> [EXERCISE DETAILS]:
Your output should be the lines from the one containing "2022 Chevrolet Silverado" through the end of the listing, exact and inclusive, with no pictures.

> [DATA]:
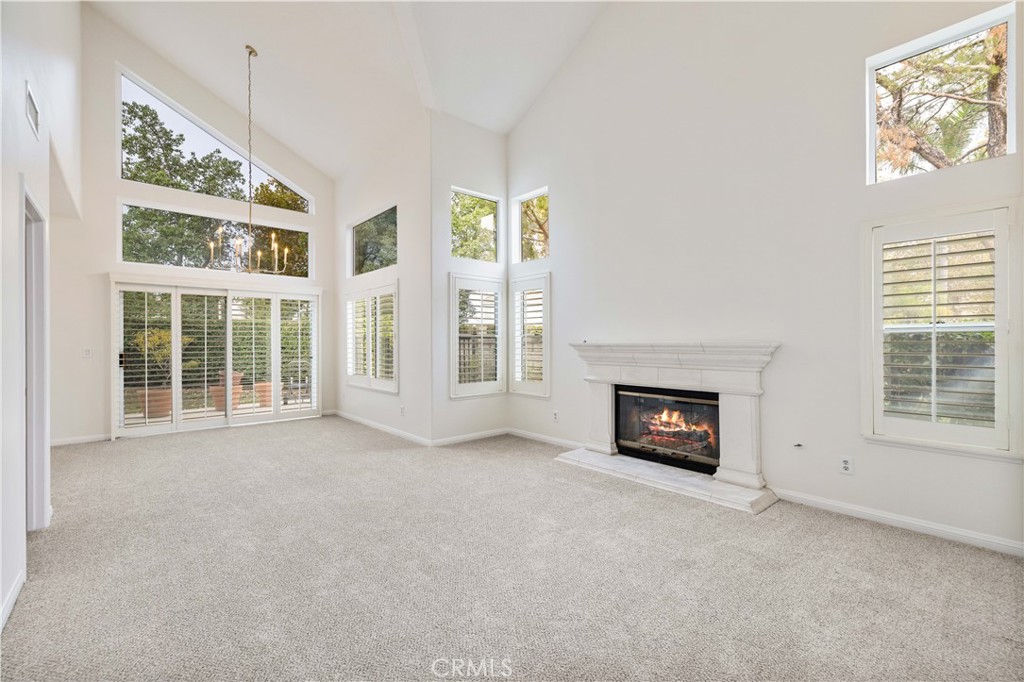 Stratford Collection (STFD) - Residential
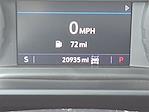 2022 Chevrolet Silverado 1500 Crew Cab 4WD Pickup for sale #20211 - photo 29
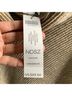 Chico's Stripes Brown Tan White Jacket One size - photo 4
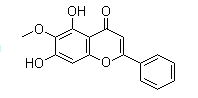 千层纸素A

> [TASK ANSWER]:
 2022 Chevrolet Silverado 1500 Crew Cab 4WD Pickup for sale #20211 - photo 29
 Chico's Stripes Brown Tan White Jacket One size - photo 4
 千层纸素A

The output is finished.